WORK INSTRUCTION:
Leaving out the pictures, output the lines from the one that contains "Fashion Men Backpacks" through the end of the material, exactly as they stand.

LISTED ENTRIES:
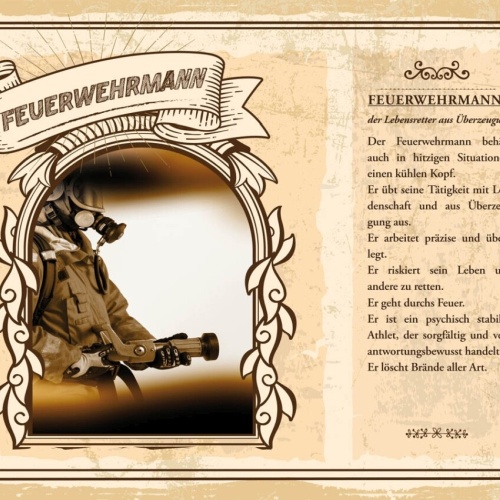 Schild Feuerwehrmann Beruf Feuerwehr Brand Feuer 12x18 20x30 30x40 Blech/Holz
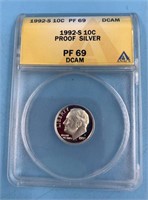 1992S silver Roosevelt dime PF69DCAM  Anacs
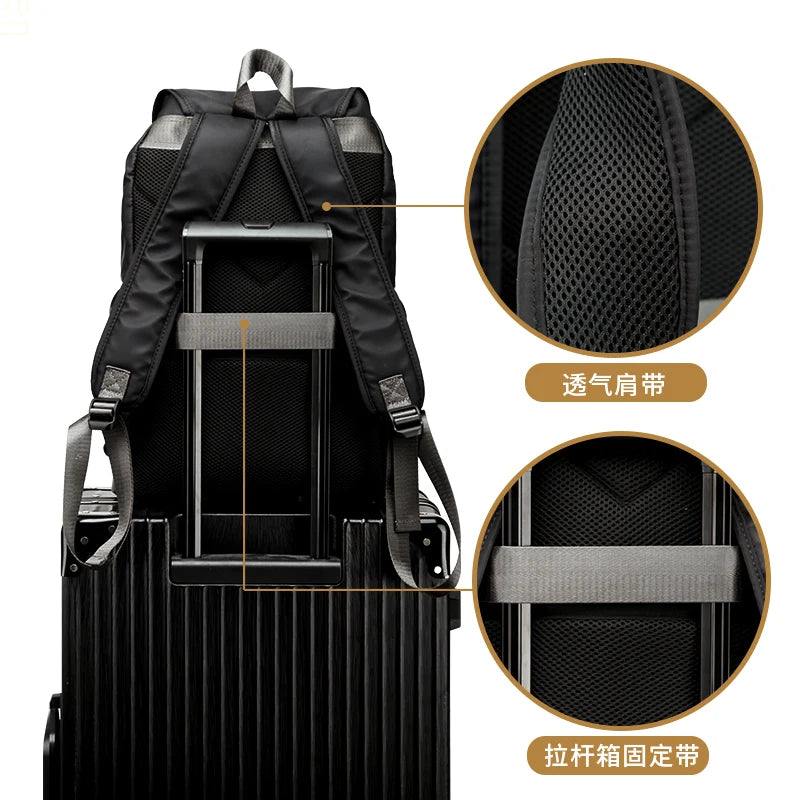 Fashion Men Backpacks Nylon Waterproof USB Charging Bag Casual Travel Korean Stlye Mochila for Travel Vintage School Bag - Clikcy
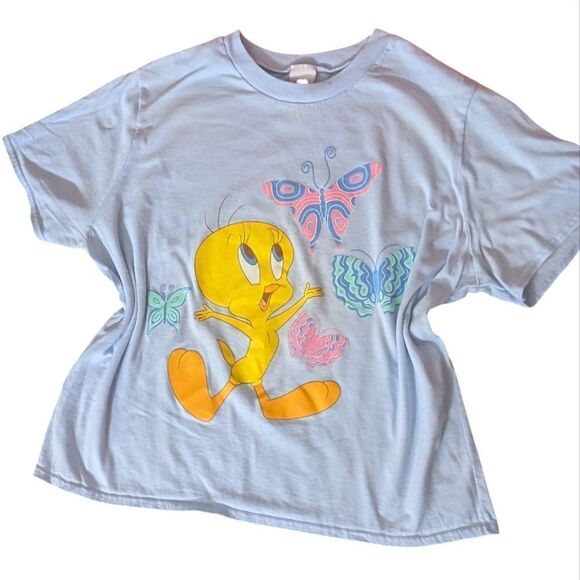 Warner Brothers Looney Tunes Vintage‎ 90s Y2K Tweety Bird Pajama Set Women's XL - Picture 4 of 16
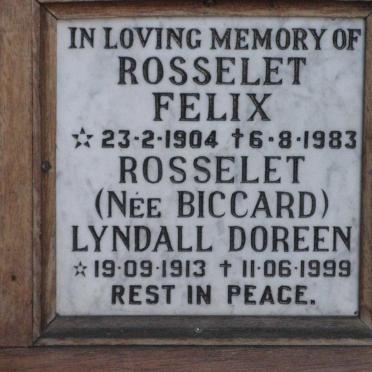 ROSSELET Felix 1904-1983 &amp; Lyndall Doreen BICCARD 1913-1999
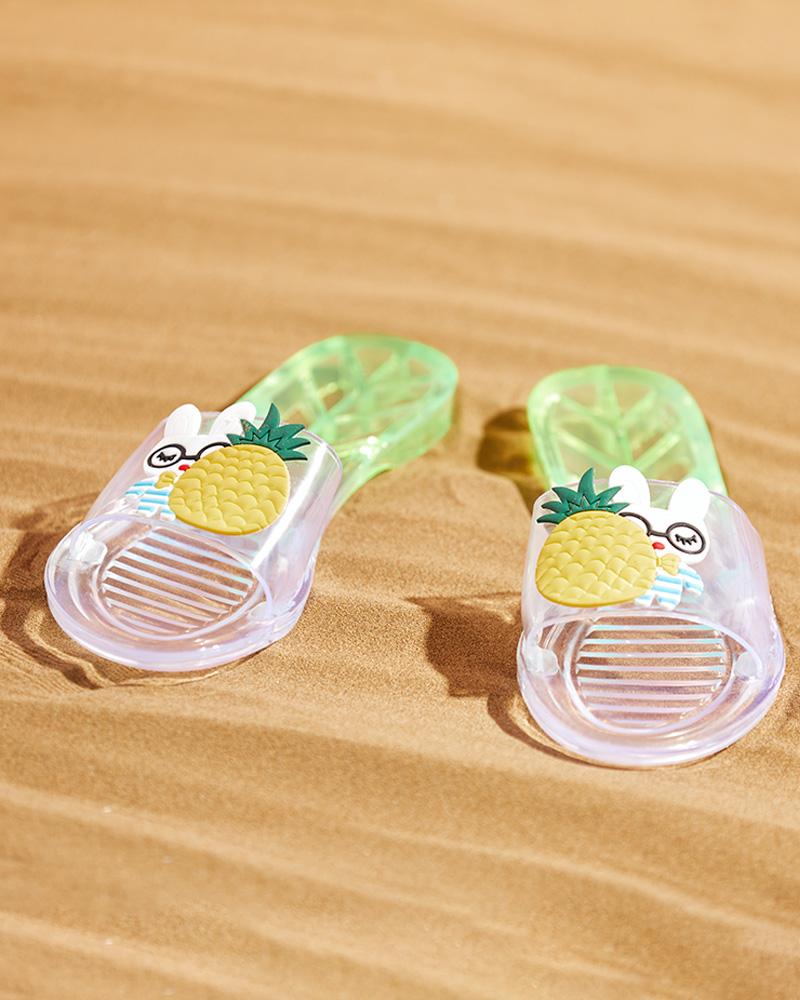 

Clear Perspex Fruit Rabbit Pattern Slipper, Green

YOUR RESPONSE:
 Fashion Men Backpacks Nylon Waterproof USB Charging Bag Casual Travel Korean Stlye Mochila for Travel Vintage School Bag - Clikcy
 Warner Brothers Looney Tunes Vintage‎ 90s Y2K Tweety Bird Pajama Set Women's XL - Picture 4 of 16
 ROSSELET Felix 1904-1983 &amp; Lyndall Doreen BICCARD 1913-1999

Clear Perspex Fruit Rabbit Pattern Slipper, Green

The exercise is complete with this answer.